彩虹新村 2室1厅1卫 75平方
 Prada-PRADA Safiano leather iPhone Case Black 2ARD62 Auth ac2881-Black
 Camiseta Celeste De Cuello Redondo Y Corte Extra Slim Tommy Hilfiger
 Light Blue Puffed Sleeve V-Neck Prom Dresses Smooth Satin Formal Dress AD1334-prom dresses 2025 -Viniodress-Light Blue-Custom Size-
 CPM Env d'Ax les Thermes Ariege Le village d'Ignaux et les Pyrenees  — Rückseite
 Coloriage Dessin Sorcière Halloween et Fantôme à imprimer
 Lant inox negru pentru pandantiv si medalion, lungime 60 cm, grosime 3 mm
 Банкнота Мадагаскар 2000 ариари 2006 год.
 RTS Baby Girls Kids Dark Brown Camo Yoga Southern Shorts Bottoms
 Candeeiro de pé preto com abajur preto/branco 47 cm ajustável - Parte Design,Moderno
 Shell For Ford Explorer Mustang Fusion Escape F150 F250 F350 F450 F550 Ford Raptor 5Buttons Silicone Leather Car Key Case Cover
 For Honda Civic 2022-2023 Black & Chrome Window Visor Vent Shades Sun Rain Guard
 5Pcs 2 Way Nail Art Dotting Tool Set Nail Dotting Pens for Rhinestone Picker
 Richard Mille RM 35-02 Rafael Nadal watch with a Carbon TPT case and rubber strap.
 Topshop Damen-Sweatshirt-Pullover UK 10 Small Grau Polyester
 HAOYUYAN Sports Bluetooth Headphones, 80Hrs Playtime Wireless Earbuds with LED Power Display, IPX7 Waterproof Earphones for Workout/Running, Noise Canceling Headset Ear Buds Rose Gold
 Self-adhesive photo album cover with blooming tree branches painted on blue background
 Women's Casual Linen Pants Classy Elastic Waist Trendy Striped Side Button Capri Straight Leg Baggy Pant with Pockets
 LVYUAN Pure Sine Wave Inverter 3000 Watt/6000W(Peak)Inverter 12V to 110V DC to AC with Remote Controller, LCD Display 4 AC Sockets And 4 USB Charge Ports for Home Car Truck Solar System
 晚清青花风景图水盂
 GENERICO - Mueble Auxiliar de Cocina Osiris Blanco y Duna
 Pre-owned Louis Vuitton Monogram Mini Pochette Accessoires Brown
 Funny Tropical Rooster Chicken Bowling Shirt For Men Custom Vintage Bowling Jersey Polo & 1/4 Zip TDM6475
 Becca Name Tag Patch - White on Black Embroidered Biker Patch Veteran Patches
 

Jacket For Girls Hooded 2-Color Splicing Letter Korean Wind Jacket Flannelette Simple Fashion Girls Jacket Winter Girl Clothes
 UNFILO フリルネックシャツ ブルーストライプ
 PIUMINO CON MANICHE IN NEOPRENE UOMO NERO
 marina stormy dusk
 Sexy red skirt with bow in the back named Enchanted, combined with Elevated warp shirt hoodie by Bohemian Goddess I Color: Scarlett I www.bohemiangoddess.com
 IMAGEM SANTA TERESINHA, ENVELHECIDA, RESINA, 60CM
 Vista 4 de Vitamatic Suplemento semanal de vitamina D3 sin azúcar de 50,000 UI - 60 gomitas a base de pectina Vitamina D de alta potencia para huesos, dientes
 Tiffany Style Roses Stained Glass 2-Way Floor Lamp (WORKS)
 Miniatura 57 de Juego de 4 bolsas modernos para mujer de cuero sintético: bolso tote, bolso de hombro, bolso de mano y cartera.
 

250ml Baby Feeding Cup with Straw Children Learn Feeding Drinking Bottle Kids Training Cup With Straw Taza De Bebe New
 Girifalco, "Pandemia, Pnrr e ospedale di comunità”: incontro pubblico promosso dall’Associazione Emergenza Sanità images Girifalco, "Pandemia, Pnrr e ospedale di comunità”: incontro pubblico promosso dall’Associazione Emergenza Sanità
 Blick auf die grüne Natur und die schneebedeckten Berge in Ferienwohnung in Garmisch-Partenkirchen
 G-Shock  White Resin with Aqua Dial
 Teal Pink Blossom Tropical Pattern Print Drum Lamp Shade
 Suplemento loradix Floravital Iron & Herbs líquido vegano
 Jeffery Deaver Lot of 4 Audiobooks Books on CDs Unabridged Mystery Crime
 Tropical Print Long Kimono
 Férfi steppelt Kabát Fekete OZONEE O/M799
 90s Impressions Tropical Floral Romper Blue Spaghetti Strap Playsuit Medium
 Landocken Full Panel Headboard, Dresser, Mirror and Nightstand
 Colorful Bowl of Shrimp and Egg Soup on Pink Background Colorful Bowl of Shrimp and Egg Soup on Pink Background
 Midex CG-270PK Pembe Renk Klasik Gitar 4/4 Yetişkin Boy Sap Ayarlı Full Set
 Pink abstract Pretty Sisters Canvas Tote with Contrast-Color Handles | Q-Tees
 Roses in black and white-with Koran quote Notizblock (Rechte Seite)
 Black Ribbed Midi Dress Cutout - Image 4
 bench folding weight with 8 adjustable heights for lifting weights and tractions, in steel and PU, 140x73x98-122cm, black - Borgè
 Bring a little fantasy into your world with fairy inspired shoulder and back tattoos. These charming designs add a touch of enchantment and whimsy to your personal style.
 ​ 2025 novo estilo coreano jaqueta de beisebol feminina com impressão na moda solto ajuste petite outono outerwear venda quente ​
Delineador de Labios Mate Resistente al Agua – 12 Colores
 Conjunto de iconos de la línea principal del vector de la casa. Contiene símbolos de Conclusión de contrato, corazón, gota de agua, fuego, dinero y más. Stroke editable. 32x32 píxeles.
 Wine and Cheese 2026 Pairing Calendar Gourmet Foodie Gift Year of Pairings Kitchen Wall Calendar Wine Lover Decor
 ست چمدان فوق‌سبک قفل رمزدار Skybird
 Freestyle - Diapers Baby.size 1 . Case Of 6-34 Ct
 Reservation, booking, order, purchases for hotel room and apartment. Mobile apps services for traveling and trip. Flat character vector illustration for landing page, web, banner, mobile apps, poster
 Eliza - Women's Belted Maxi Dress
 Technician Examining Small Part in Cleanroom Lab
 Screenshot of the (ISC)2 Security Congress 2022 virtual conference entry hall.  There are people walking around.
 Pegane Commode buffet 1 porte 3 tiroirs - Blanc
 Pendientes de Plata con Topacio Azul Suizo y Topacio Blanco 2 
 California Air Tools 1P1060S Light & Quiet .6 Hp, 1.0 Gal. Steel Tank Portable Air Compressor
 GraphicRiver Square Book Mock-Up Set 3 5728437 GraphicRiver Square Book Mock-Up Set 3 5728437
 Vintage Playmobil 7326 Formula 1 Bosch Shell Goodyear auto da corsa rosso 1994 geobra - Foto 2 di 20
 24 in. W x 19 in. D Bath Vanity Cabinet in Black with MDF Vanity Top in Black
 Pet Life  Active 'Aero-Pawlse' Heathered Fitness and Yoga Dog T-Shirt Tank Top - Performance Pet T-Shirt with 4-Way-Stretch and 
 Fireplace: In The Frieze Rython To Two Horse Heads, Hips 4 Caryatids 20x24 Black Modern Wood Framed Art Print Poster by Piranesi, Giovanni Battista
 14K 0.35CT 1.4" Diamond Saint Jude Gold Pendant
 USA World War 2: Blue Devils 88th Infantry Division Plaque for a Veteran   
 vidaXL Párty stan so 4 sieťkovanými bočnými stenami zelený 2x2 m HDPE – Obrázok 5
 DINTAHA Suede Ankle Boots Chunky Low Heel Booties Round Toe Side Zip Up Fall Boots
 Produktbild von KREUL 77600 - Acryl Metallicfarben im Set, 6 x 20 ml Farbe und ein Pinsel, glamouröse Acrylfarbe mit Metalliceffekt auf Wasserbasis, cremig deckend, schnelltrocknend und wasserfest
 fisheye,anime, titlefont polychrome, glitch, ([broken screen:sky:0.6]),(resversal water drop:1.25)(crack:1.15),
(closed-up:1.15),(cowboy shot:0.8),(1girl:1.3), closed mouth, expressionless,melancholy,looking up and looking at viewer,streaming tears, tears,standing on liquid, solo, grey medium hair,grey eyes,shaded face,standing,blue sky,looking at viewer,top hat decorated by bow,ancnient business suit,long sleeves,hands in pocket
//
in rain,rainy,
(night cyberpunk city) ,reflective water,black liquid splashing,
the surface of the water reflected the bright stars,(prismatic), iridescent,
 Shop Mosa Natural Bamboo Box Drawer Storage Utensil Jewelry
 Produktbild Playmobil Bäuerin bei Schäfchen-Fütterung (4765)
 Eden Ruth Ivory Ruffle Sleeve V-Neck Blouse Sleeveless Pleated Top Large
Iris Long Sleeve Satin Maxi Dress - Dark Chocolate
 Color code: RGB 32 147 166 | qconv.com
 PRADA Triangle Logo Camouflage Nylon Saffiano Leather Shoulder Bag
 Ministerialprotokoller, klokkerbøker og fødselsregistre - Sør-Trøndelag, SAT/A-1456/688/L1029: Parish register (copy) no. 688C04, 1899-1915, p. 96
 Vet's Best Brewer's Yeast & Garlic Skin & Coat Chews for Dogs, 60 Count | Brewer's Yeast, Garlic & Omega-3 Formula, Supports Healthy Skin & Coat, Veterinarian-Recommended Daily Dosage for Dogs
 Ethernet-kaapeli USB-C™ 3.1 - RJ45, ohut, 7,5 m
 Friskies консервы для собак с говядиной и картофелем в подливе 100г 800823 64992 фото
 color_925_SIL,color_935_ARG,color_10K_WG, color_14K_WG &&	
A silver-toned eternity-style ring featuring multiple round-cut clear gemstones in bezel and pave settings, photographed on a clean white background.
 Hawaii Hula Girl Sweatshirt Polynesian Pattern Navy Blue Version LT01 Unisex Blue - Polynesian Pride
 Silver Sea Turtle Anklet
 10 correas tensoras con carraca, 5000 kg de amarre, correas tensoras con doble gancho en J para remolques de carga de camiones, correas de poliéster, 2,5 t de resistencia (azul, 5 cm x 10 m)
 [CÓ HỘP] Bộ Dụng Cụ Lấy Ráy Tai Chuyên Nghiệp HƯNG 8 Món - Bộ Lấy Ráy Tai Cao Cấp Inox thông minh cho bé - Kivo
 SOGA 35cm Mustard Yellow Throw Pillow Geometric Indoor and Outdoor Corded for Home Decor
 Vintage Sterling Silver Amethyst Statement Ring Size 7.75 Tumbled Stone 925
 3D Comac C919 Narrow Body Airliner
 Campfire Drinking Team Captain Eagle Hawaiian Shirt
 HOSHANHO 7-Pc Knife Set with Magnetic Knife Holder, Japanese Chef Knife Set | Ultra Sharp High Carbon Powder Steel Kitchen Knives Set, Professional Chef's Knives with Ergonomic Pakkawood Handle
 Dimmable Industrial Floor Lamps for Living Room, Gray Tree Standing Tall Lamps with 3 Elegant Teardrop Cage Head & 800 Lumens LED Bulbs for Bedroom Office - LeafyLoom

□ □ □ □ □ □ □

**PROBLEM DESCRIPTION**
Pull every line with the string "Neck" from the data above.

**COMPLETED EXERCISE**
 Light Blue Puffed Sleeve V-Neck Prom Dresses Smooth Satin Formal Dress AD1334-prom dresses 2025 -Viniodress-Light Blue-Custom Size-
 Eden Ruth Ivory Ruffle Sleeve V-Neck Blouse Sleeveless Pleated Top Large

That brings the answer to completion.